Test Compression takes advantage of the small number of significant values (care bits) to reduce test data and test time. However, as Test Compression decreases channel lengths, the number of specified bits (e.g., care bits) per time slice increases. An ATPG process for a certain test pattern may specify certain bits (e.g., care bits) across multiple time slices of the test pattern in order to reduce toggling, and, therefore, power consumption. There can be a large variance in the number of care bits across time slices.
XOR decompressors cannot solve for slices that have more care bits than the available scan data (e.g., input variables). Further, XOR decompressors are also limited in that they are restricted to using only the scan data available in the same scan cycle. This leads to inefficiencies. For example, if the ATPG generated test only requires few care bits in a scan slice, then the rest of the scan data will remain unused.
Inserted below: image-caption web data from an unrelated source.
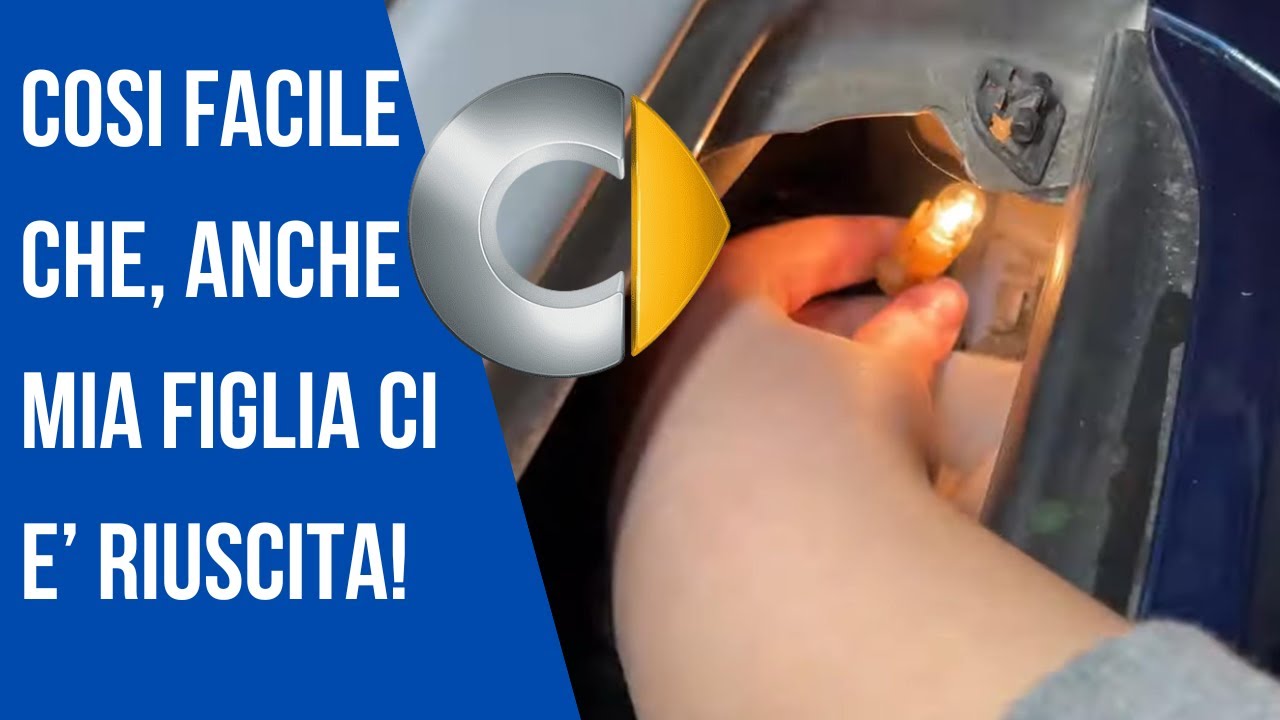 Smart 450 sostituzione lampada posizione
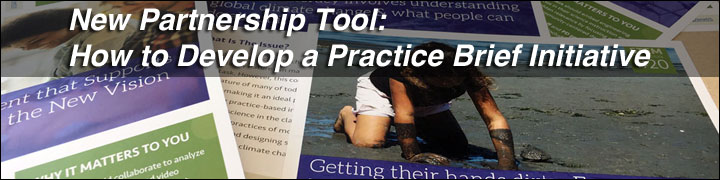 Partnership Tool: How to Identify and Develop Practice Briefs
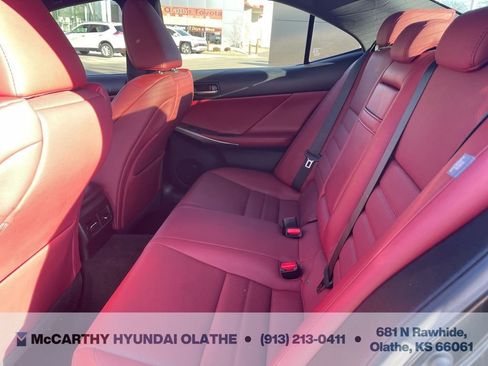 Used 2018 Lexus IS 300 F Sport w/ F Sport Package image 14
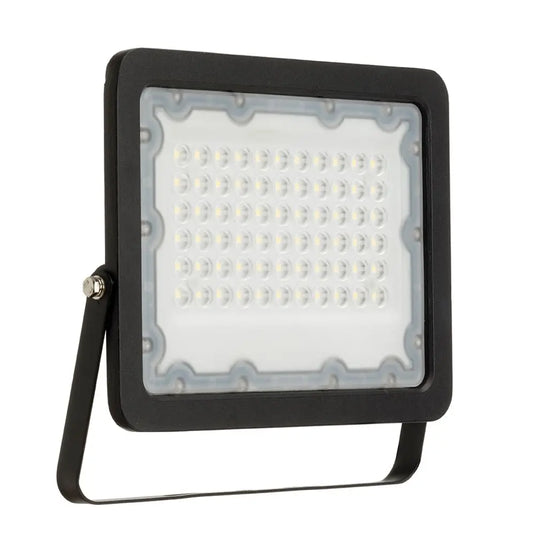 150w LED Floodlight, 6000K IP65 Black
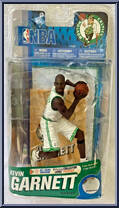 Kevin Garnett from McFarlane's Sports Picks - NBA - Series 18 manufactured by McFarlane [Front]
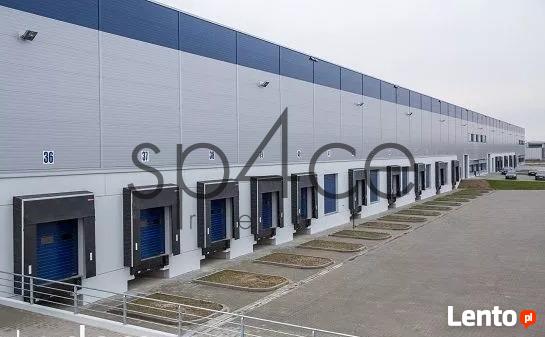 Hala. Magazyn 1500 m2, Poznań-Grundwald
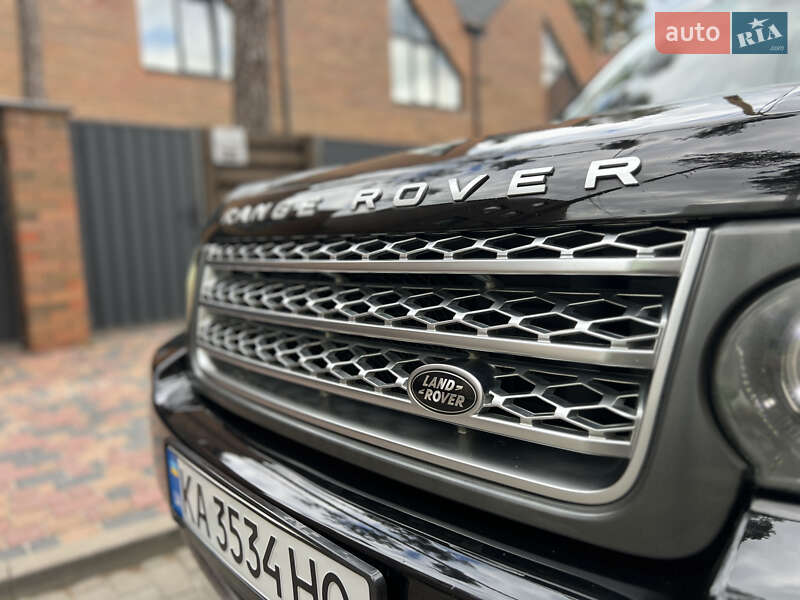 Позашляховик / Кросовер Land Rover Range Rover 2010 в Києві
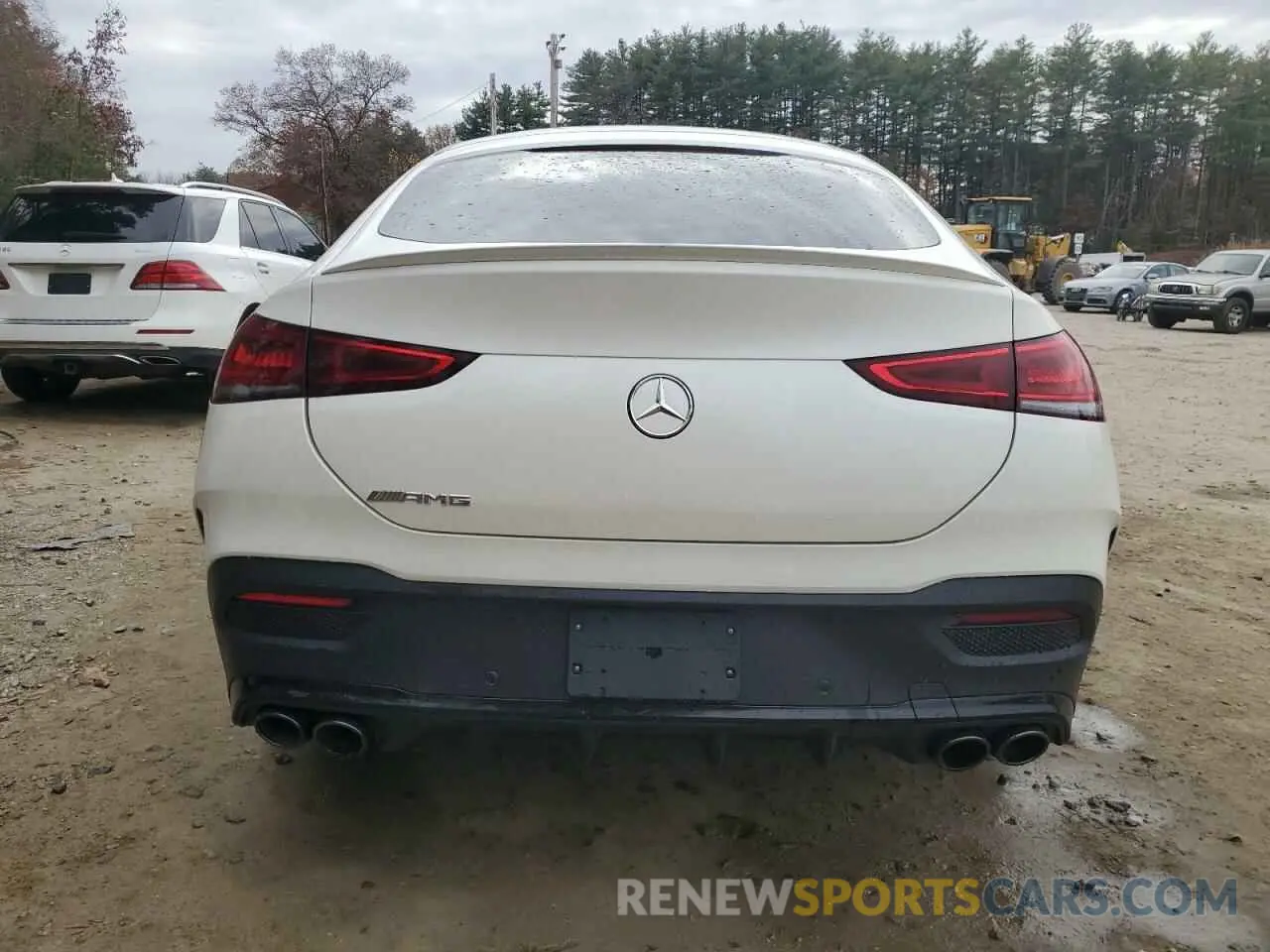 6 Photograph of a damaged car 4JGFD6BB6MA400513 MERCEDES-BENZ GLE-CLASS 2021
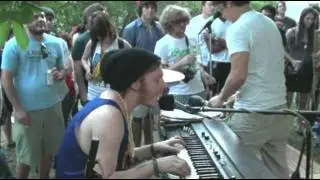 DEER PEOPLE @ ELEC. PRIMADONNAS YARD PARTY 5/29/11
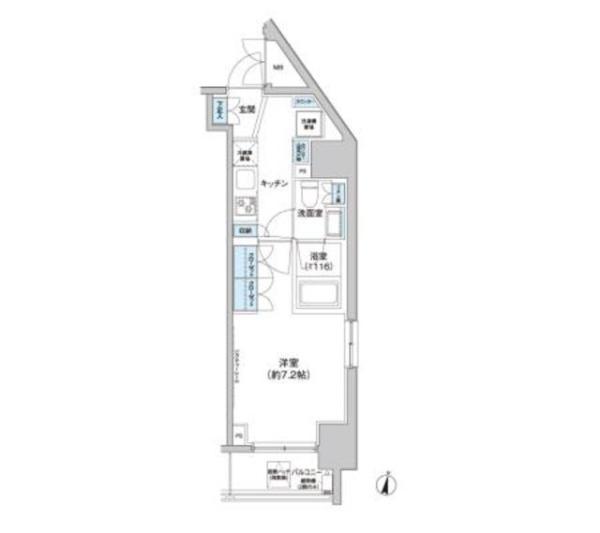 新宿区北新宿１丁目のマンション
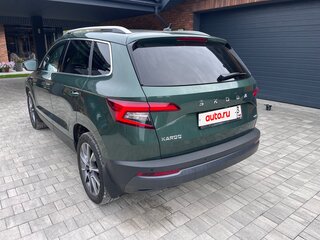 2021 Skoda Karoq DSG7 I, зелёный, 3100000 рублей, вид 5
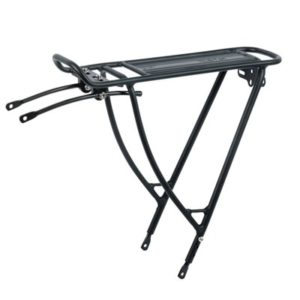 Portabulto trasero Zefal Raider R50 aluminio/negro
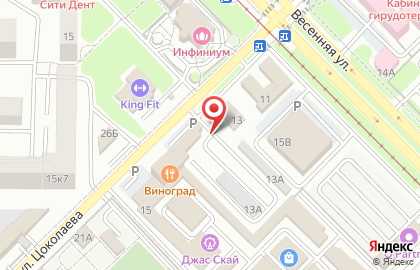 Оптовый склад IR-Market на карте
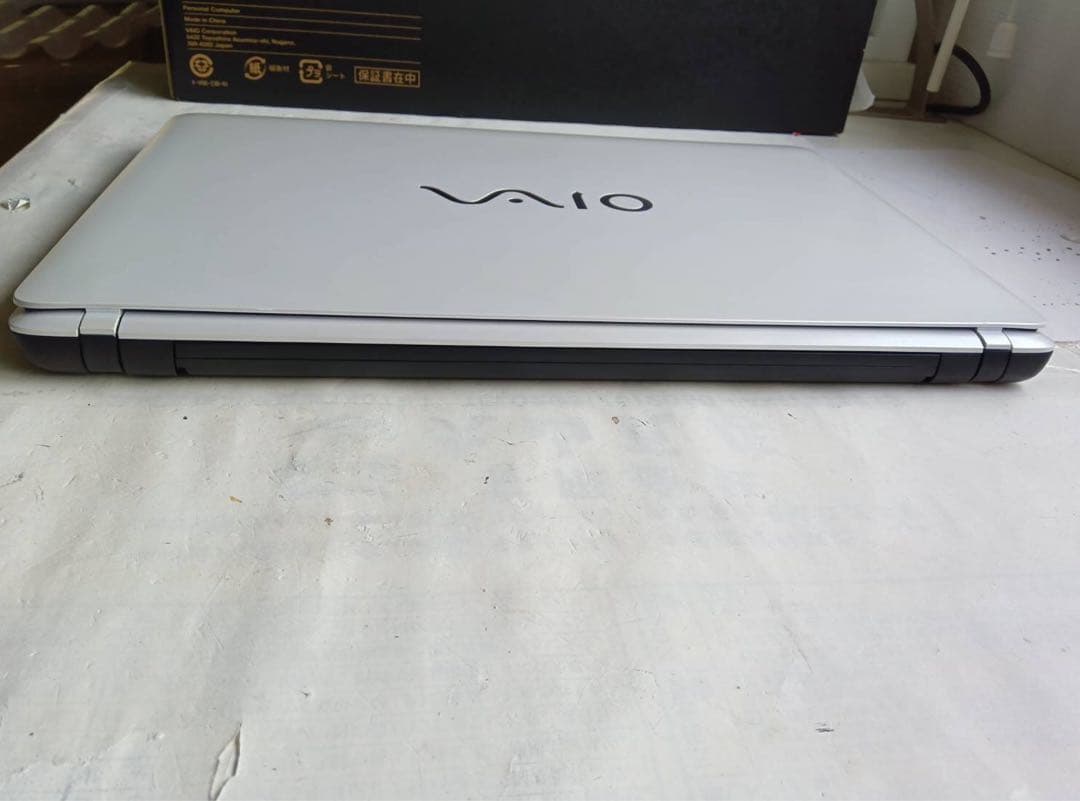 Windowsノート本体 VAIO VJS152C11N i7-7700HQ/16GB/SSD256GB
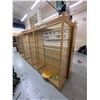 Image 1 : Large group of assorted shelving units - shelving approx 82in H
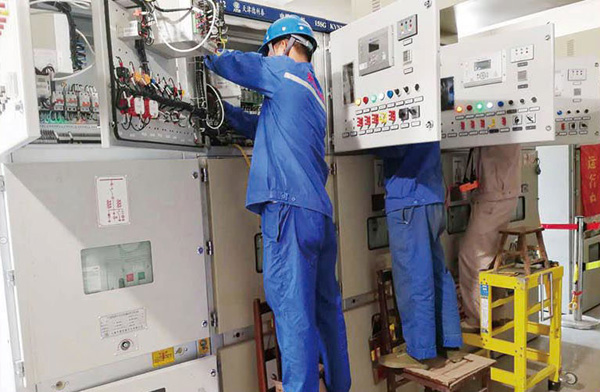 天津薊州公司110KV東昌變電站、35KV漁山變電站等開關(guān)柜及全站綜合改造工程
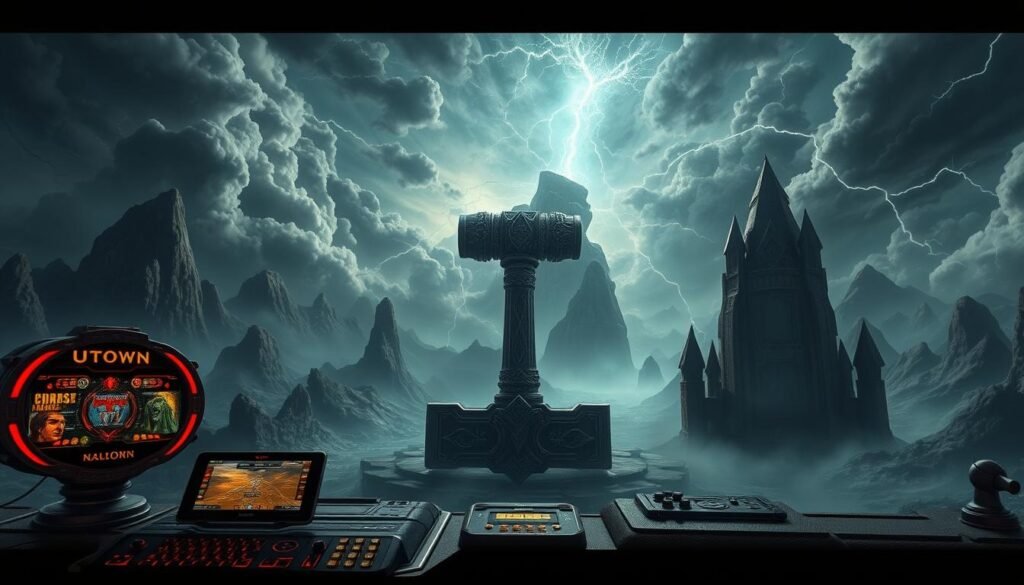 雷神之鎚遊戲背景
Sequential decompressors overcome the above-discussed inefficiencies of the XOR decompressors by solving the linear equations of the entire test pattern simultaneously instead of slice-by-slice. Scan data is reused among multiple scan slices, so that scan data from scan slices having fewer care bits can be utilized in solving for scan slices with more care bits. The most common sequential decompressor network contains a linear feedback shift register (“LFSR”) (also referred to as a Pseudo-Random Pattern Generator—PRPG) that receives data from a plurality of scan input signals and that sends its outputs through a linear spreader network of a plurality of XOR logic gates (e.g., a XOR decompressor). The outputs of the XOR decompressor are fed to scan channels. The outputs fed to the scan channels are a linear combination of the values from the PRPG starting state and the data inputted from a tester into the circuit through scan-input pins. The values outputted from the XOR decompressor lead to linear equations to determine the values to be sent into each scan channels. The randomness caused by the PRPG makes it more difficult to predict the rate of correlation (e.g., how interdependent a variable of one equation is to a variable of another equation) and, therefore, which correlated variables will cancel out in the generated system of equations. Accordingly, predicting whether unique equations can be generated for even scan bit also becomes more difficult. An ATPG process would need to iterate through many different design configurations to determine which set of unique equations is best.
Accordingly, there is a need for an efficient method of bringing in additional variables into the PRPG in the early cycles of the ATPG process without utilizing any additional hardware or control pins.
Further, there is also a need for a sequential decompressor which builds equations in a more predictable manner than a normal PRPG so that there is no correlation between equations feeding adjacent scan channels that need to be independently set to specific care-bit values.